### ABOUT THIS TASK
What you return must match the data below exactly, minus any pictures.

### INFORMATION SUPPLIED

☆ ☆ ☆

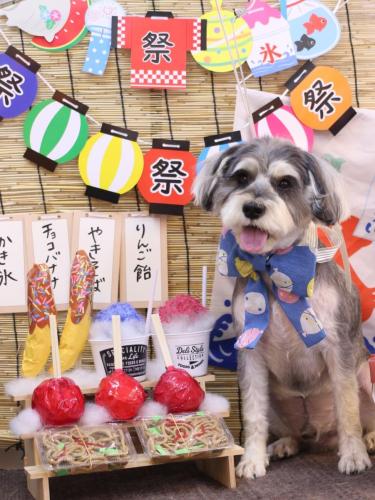 20240706パピコくん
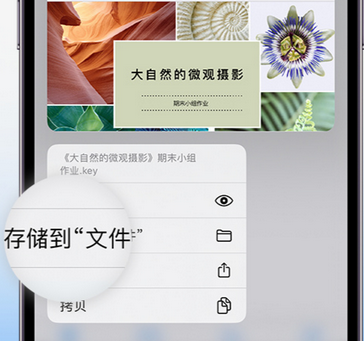 固原apple维修中心分享iPhone文件应用中存储和找到下载文件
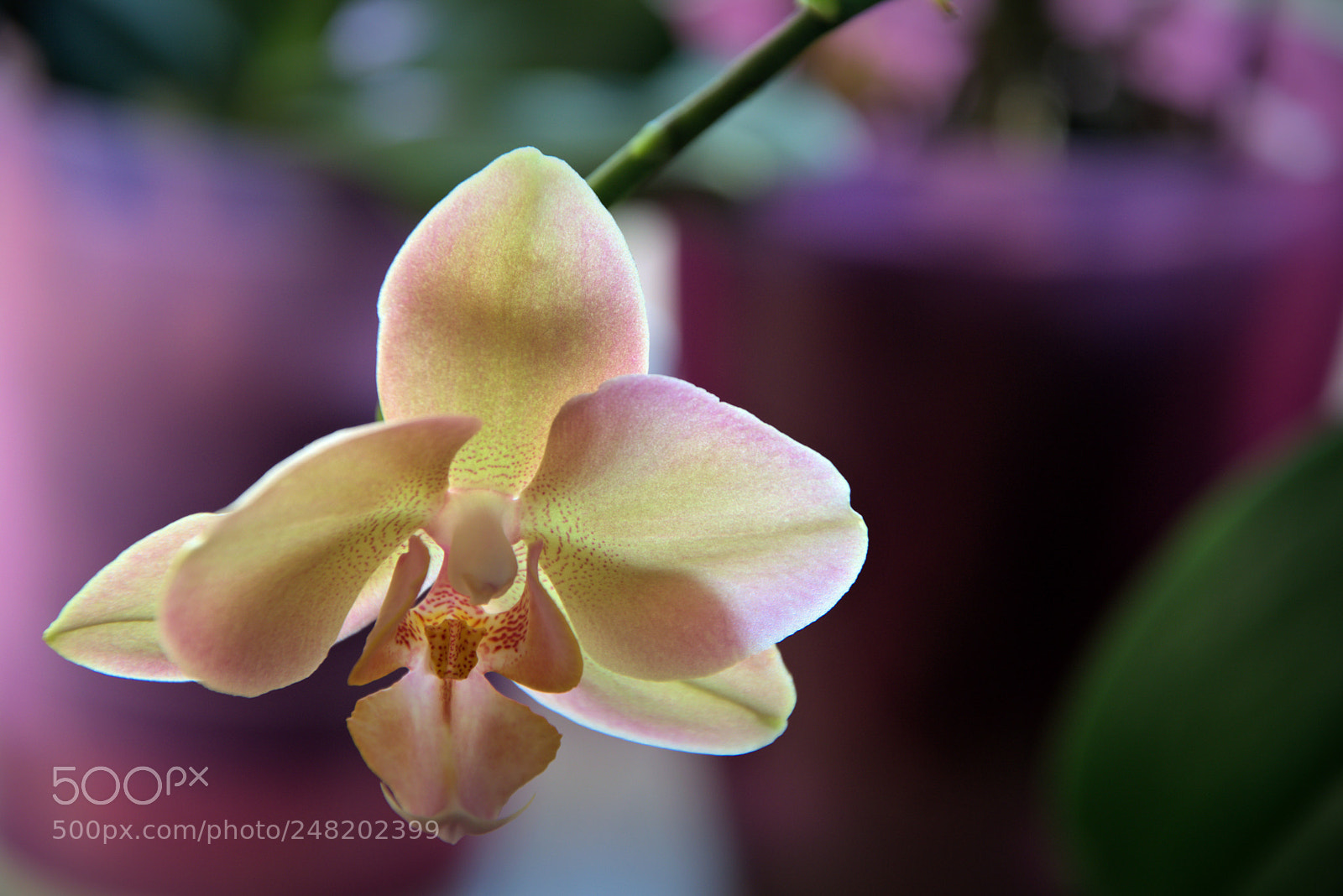 Nikon D5300 sample photo. Orchid photography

☆ ☆ ☆

### YOUR RESPONSE
 20240706パピコくん
 固原apple维修中心分享iPhone文件应用中存储和找到下载文件
 Nikon D5300 sample photo. Orchid photography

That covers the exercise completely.